TASK DIRECTIONS: The answer must be an exact copy of the lines from the one containing "Soccx Winter Coat in Blue" through the end of the records, with the pictures left out.

___ RECORDS SHOWN

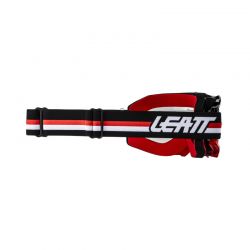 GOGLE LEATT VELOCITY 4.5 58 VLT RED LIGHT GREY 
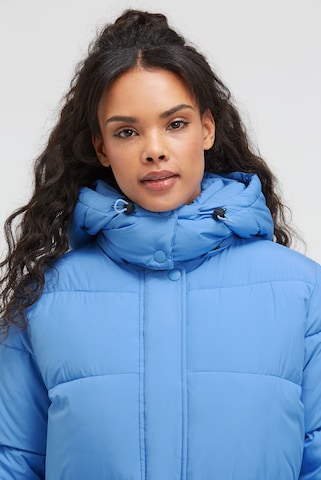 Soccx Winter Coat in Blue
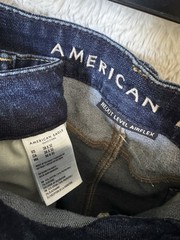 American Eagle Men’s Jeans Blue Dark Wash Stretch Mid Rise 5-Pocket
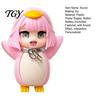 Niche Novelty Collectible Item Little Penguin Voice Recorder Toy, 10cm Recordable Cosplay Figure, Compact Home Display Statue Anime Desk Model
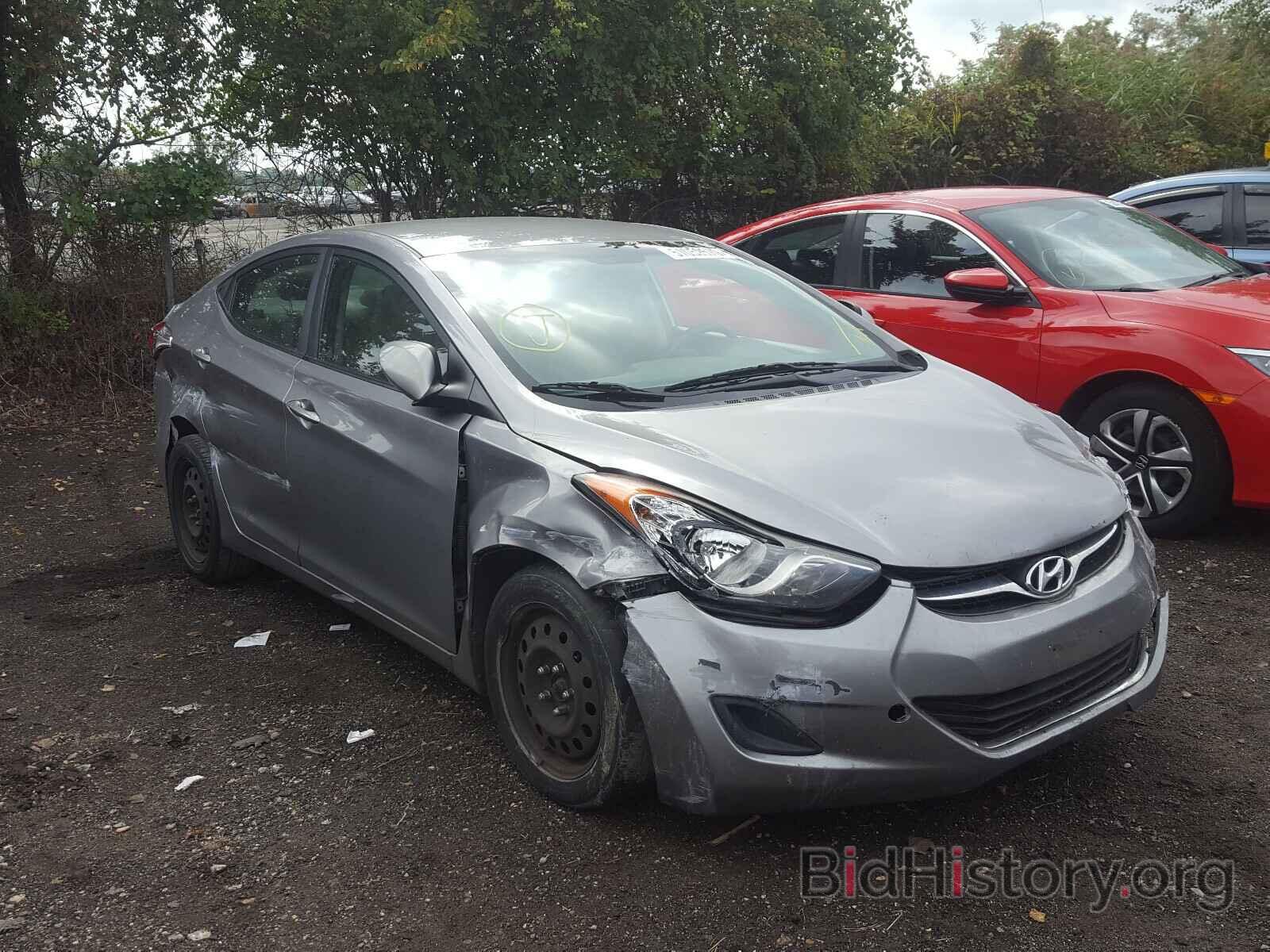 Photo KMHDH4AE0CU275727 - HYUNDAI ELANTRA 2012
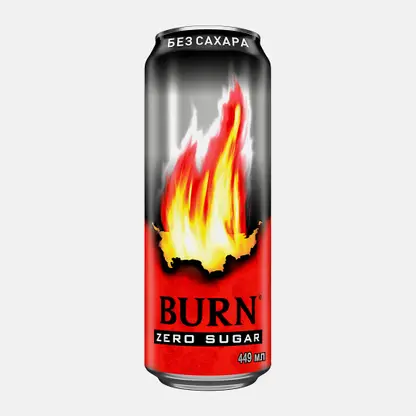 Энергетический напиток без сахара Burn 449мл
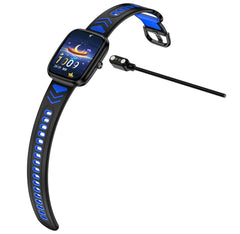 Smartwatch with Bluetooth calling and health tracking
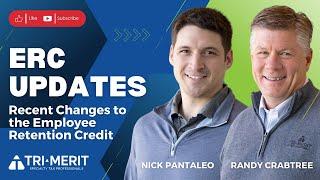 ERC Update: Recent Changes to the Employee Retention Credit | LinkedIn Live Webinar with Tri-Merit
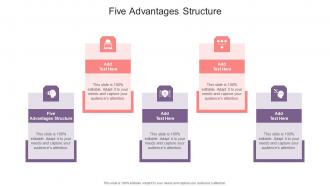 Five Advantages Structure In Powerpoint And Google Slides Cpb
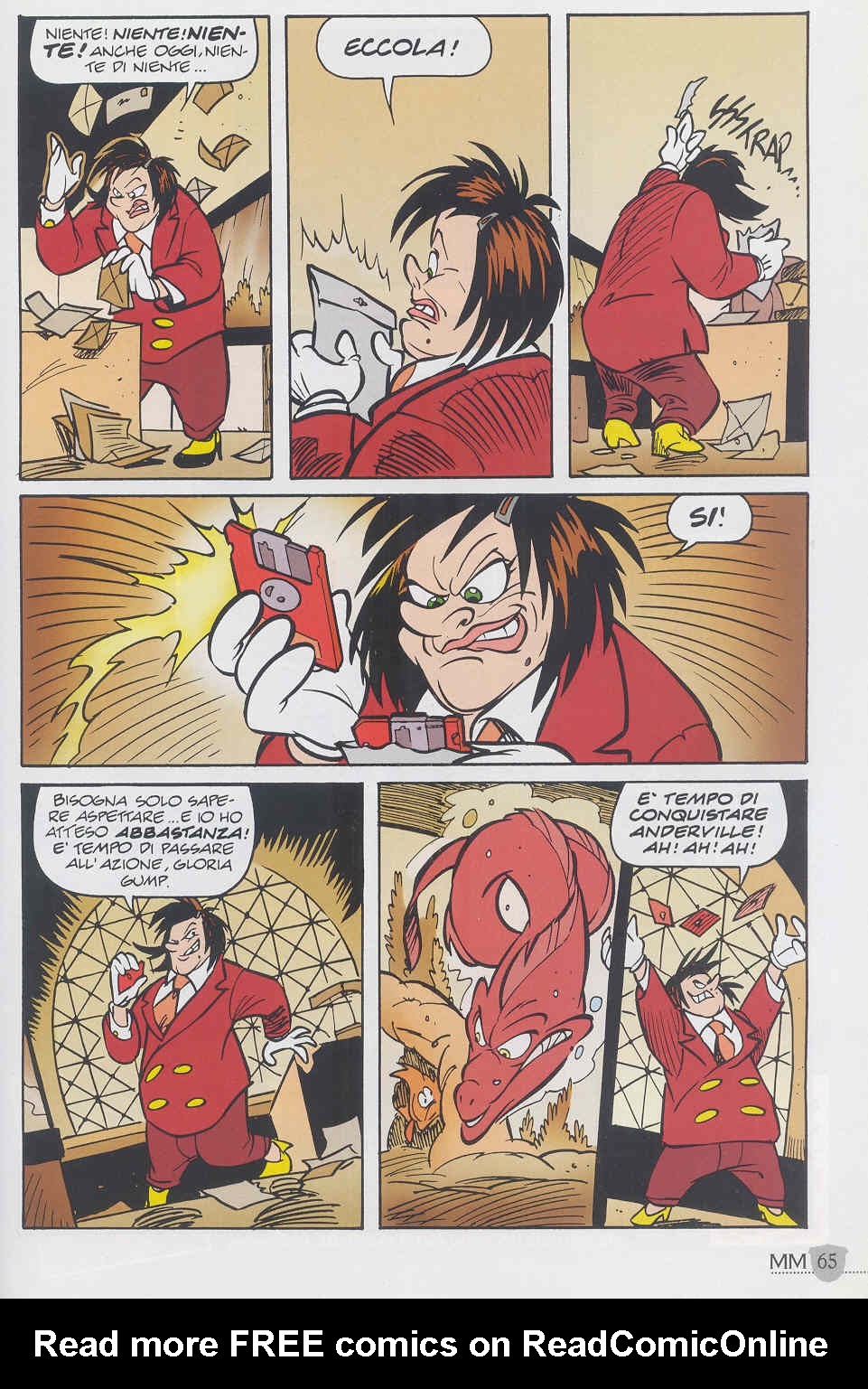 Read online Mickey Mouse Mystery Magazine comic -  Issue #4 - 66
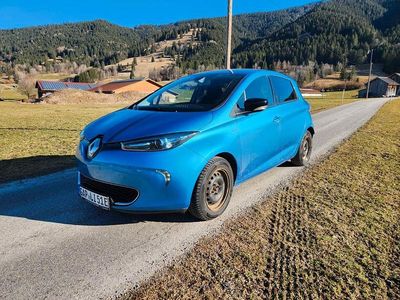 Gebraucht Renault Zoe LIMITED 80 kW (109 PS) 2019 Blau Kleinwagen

______

YOUR RESPONSE:
 Soccx Winter Coat in Blue
 American Eagle Men’s Jeans Blue Dark Wash Stretch Mid Rise 5-Pocket
 Niche Novelty Collectible Item Little Penguin Voice Recorder Toy, 10cm Recordable Cosplay Figure, Compact Home Display Statue Anime Desk Model
 Photo KMHDH4AE0CU275727 - HYUNDAI ELANTRA 2012
 Энергетический напиток без сахара Burn 449мл
 Smartwatch with Bluetooth calling and health tracking
 ERC Update: Recent Changes to the Employee Retention Credit | LinkedIn Live Webinar with Tri-Merit
 Five Advantages Structure In Powerpoint And Google Slides Cpb
 Read online Mickey Mouse Mystery Magazine comic -  Issue #4 - 66
 Gebraucht Renault Zoe LIMITED 80 kW (109 PS) 2019 Blau Kleinwagen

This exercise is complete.